I was thinking about when they talk about getting to the next star and stopping, at say about 10% c.

they say- you would need every part of your ship filled with anti matter, 

"They" do? 

Do "they" do a calculation to show this?

Quote

also ive heard that the amount of energy required would be more then is in the galaxy

Again, is there a calculation? (This is the third recent thread on interstellar travel where people seem to be allergic to any kind of rigorous analysis)

 

The KE of a moving object is 1/2 mv^2 if we are not in the relativistic regime. That energy needs to be dissipated at the end of the trip to come to orbit around the destination, so you will need a minimum of mv^2. No process will be 100% efficient converting to KE. The mass of the probe is not fixed, so that makes this a more complicated problem, but if the mass changes are small we can get a decent approximation.

The mass of the probe is M, and you need Mv^2 of energy. If your final speed is 0.1c then you have 0.01Mc^2 of kinetic energy. That's the minimum mass energy you need to convert to get there. But since you need to eject something to make your rocket work, there's a lot of energy that needs to go into whatever is providing you your thrust. 

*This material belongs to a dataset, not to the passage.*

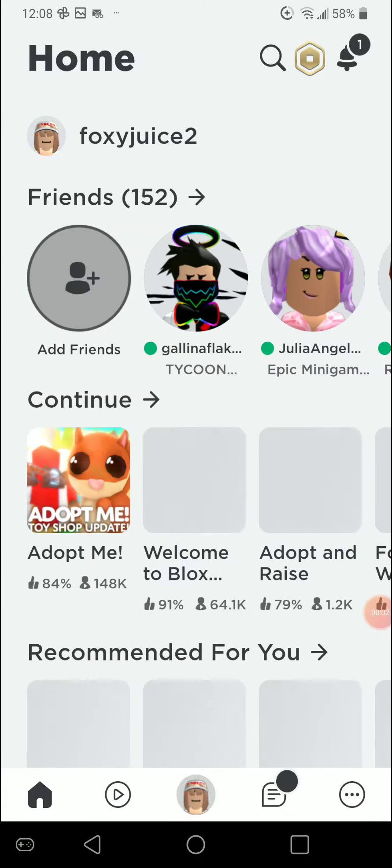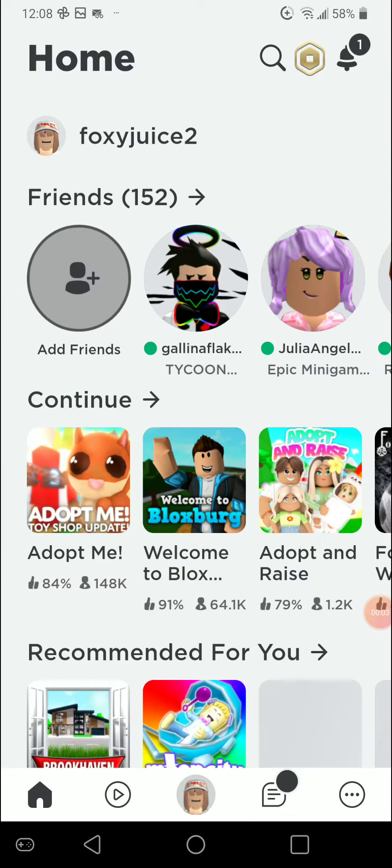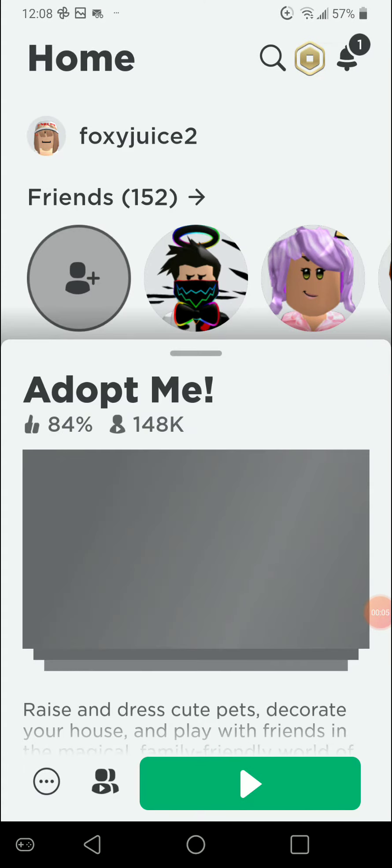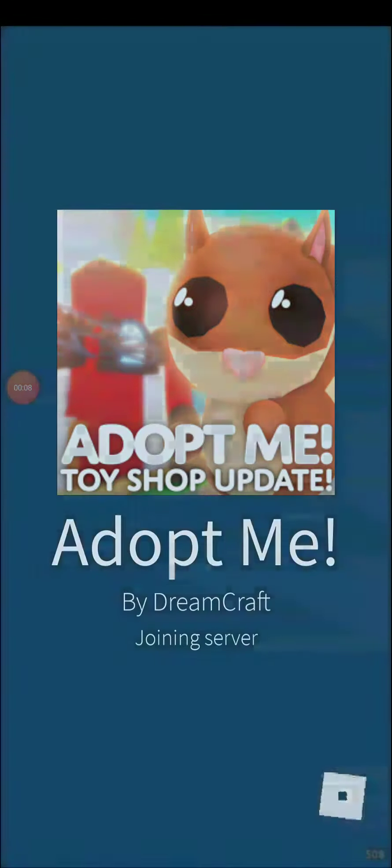Okay guys, so I just made a video and I accidentally deleted it and I spent all my money on Adopt Me for it, basically.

The most efficient way (energetically) of doing this is to have a mass split in half, each moving at the final speed, after some explosion. That's doubles the energy required. But doesn't let you stop, unless you did something similar at the far end. So now you've got several percent of your mass being the antimatter, at a minimum. For a system that probably accelerates way to fast to be practical.

The problem gets worse if you try for a larger final speed (Not that this is simple, since it's orders of magnitude faster than we've accelerated a macroscopic object.) because now you're using up more mass, meaning the total mass has to be bigger, and you're accelerating the fuel you need for later on, which increases your fuel demand.

But it's nowhere near the energy available in the whole galaxy. You're not quite to the point if requiring half the ship to be antimatter, but that isn't far off, and for a more reasonable set of assumptions might be the case. (This assumes that you aren't getting propulsion form a source that isn't on board)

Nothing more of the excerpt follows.